───── Information shown ─────

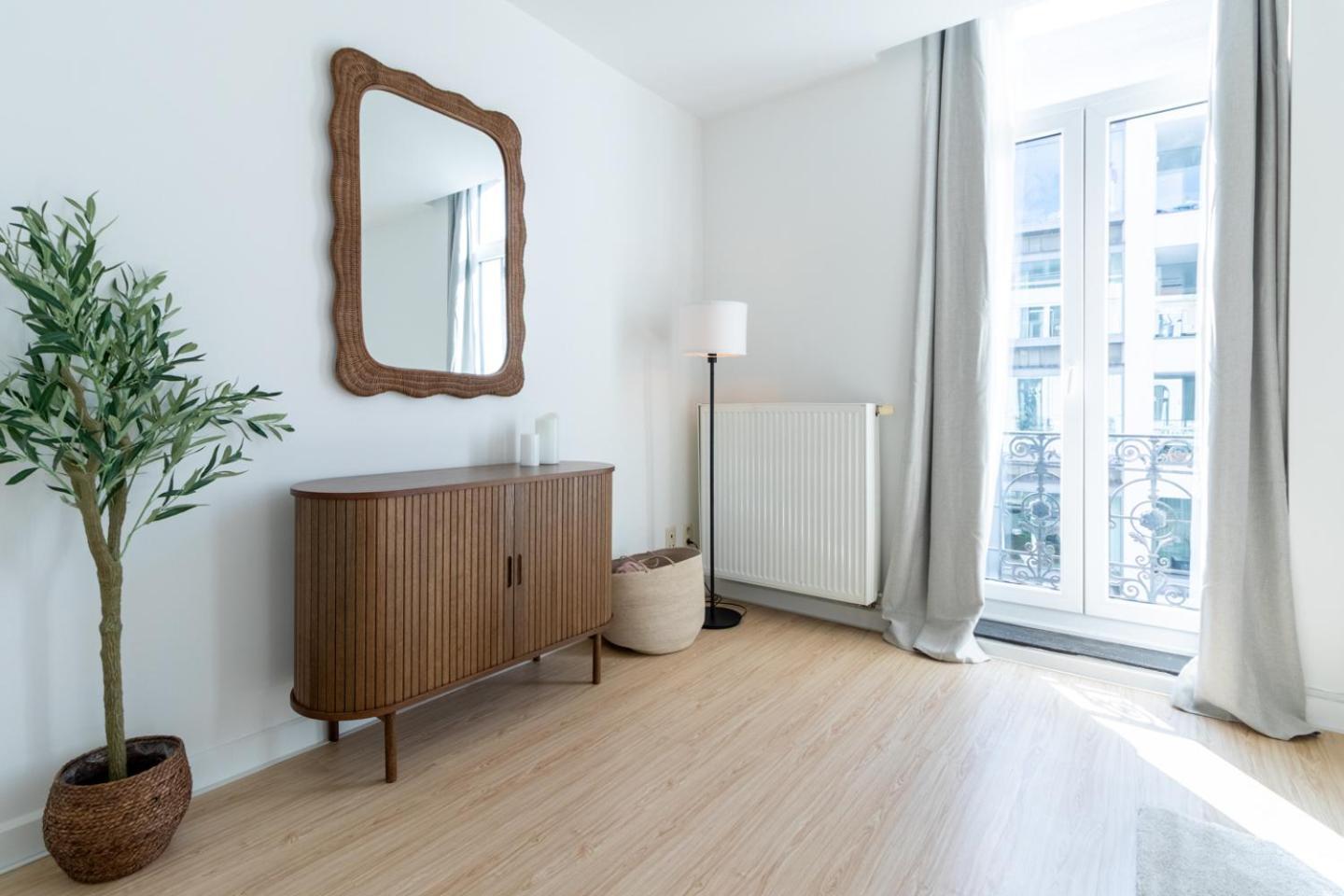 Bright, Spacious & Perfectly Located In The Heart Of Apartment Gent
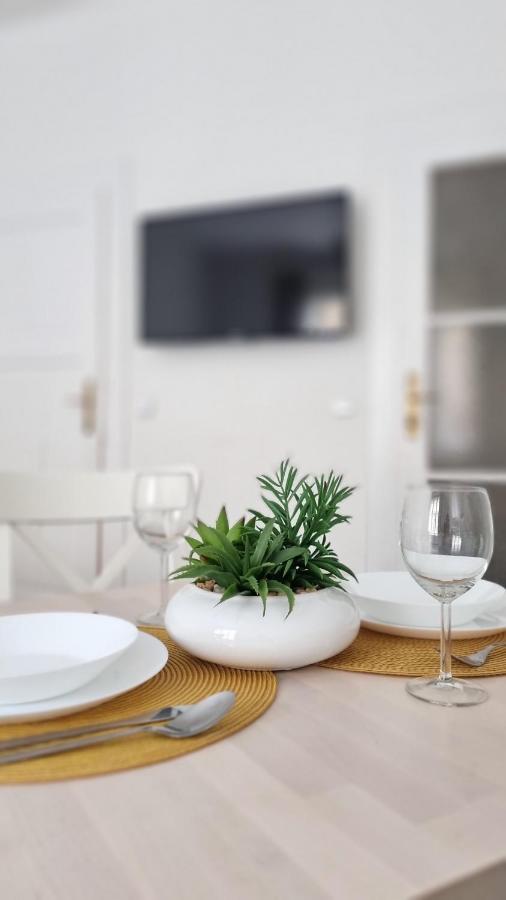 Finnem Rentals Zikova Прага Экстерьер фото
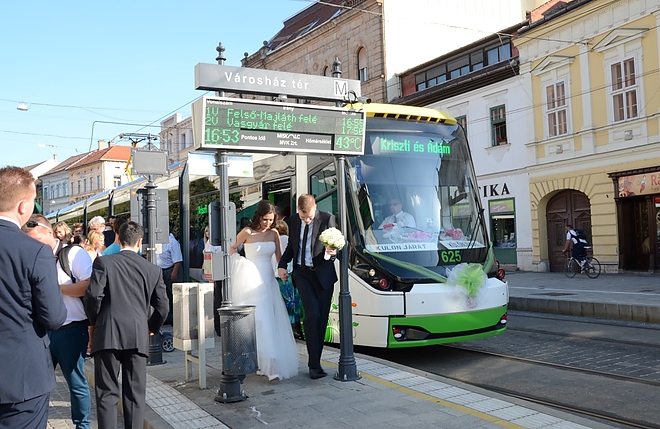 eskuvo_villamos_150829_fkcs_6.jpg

─────

■ Brief
Return the material above verbatim. Pictures are to be excluded.

■ Result of the task
 Bright, Spacious & Perfectly Located In The Heart Of Apartment Gent
 Finnem Rentals Zikova Прага Экстерьер фото
 eskuvo_villamos_150829_fkcs_6.jpg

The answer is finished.